Vous dites que si des Citoyens se présentoient au Conseil pour demander pareille chose, vous ne seriez pas surpris qu’on les incarcerât. Ni moi non plus, je n’en serois pas surpris ; parce que rien d’injuste ne doit surprendre de la part de quiconque a la force en main, Mais bien qu’une loi qu’on n’observa jamais, défende au Citoyen qui veut demeurer tel, de sortir sans congé du territoire ; comme on n’a pas besoin de demander l’usage d’un droit qu’on a, quand un Genevois veut quitter tout-à-fait sa Patrie, pour aller s’établir en pays étranger, personne ne songe à lui en faire un crime, & on ne l’incarcere point pour cela. Il est vrai qu’ordinairement cette renonciation n’est pas solemnelle, mais c’est qu’ordinairement ceux qui la sont, n’ayant pas reçu des affronts publics, n’ont pas besoin de renoncer publiquement à la société qui les leur a faits.

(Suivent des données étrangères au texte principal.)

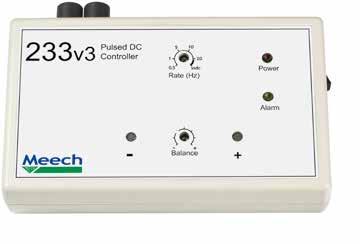 Pulzní DC zdroj 977CM Tento pulzní DC zdroj Meech 977CM (Current Monitoring) v sobě spojuje účinnou ionizaci na dlouhé vzdálenosti, zpětnou vazbu uzavřeného okruhu, sledování vlastního výkonu a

Monsieur, j’ai attendu, j’ai médité, j’ai cherché long-tems s’il y avoit quelque moyen d’éviter une démarche qui m’a déchire. Je vous avois confié mon honneur, ô Genevois, & j’étois tranquille ; mais vous avez si mal gardé ce dépôt que vous me forcez de vous l’ôter.

Mes bons anciens compatriotes que j’aimerai toujours malgré votre ingratitude, de grave ne me forcez pas, par vos propos durs & mal-honnêtes, de faire publiquement mon apologie. Espargnez-moi, dans ma misere, la douleur de me défendre à vos dépens.